Supercapacitors are ideal when a quick charge is needed to fill a short-term power need; whereas batteries are chosen to provide long-term energy. Combining the two into a hybrid battery satisfies both needs and reduces battery stress, which reflects in a longer service life. Such batteries are being made available today in the lead acid family.

Supercapacitors are most effective to bridge power gaps lasting from a few seconds to a few minutes and can be recharged quickly. A flywheel offers similar qualities, and an application where the supercapacitor competes against the flywheel is the Long Island Rail Road (LIRR) trial in New York. LIRR is one of the busiest railroads in North America.

To prevent voltage sag during acceleration of a train and to reduce peak power usage, a 2MW supercapacitor bank is being tested in New York against flywheels that deliver 2.5MW of power. Both systems must provide continuous power for 30 seconds at their respective megawatt capacity and fully recharge in the same time. The goal is to achieve a regulation that is within 10 percent of the nominal voltage; both systems must have low maintenance and last for 20 years. (Authorities believe that flywheels are more rugged and energy efficient for this application than batteries. Time will tell.)

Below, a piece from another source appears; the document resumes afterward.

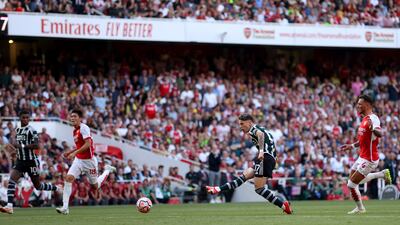 Alejandro Garnacho of Manchester United scores a goal that is later disallowed for offside. Getty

Japan also employs large supercapacitors. The 4MW systems are installed in commercial buildings to reduce grid consumption at peak demand times and ease loading. Other applications are to start backup generators during power outages and provide power until the switch-over is stabilized.

Supercapacitors have also made critical inroads into electric powertrains. The virtue of ultra-rapid charging during regenerative braking and delivery of high current on acceleration makes the supercapacitor ideal as a peak-load enhancer for hybrid vehicles as well as for fuel cell applications. Its broad temperature range and long life offers an advantage over the battery.

Supercapacitors have low specific energy and are expensive in terms of cost per watt. Some design engineers argue that the money for the supercapacitor would be spent better on a larger battery. Table 4 summarizes the advantages and limitations of the supercapacitor.

Advantages Virtually unlimited cycle life; can be cycled millions of time High specific power; low resistance enables high load currents Charges in seconds; no end-of-charge termination required Simple charging; draws only what it needs; not subject to overcharge Safe; forgiving if abused Excellent low-temperature charge and discharge performance
Limitations Low specific energy; holds a fraction of a regular battery Linear discharge voltage prevents using the full energy spectrum High self-discharge; higher than most batteries Low cell voltage; requires series connections with voltage balancing High cost per watt

Table 4: Advantages and limitations of supercapacitors.